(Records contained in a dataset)
_ _ _

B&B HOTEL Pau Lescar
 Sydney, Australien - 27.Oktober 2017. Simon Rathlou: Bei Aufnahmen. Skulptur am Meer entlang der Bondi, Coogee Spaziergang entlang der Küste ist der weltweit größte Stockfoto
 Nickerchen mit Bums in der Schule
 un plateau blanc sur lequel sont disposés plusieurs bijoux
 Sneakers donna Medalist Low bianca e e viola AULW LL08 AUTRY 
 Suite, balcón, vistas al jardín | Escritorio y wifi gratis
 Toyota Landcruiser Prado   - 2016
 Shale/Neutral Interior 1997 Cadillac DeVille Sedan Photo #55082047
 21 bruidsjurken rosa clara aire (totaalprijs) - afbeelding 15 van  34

_ _ _

Activity - Retype exactly. Start at the line with "Nickerchen mit Bums in der Schule" and stop at the last line of the data.

Answer to this exercise -
 Nickerchen mit Bums in der Schule
 un plateau blanc sur lequel sont disposés plusieurs bijoux
 Sneakers donna Medalist Low bianca e e viola AULW LL08 AUTRY 
 Suite, balcón, vistas al jardín | Escritorio y wifi gratis
 Toyota Landcruiser Prado   - 2016
 Shale/Neutral Interior 1997 Cadillac DeVille Sedan Photo #55082047
 21 bruidsjurken rosa clara aire (totaalprijs) - afbeelding 15 van  34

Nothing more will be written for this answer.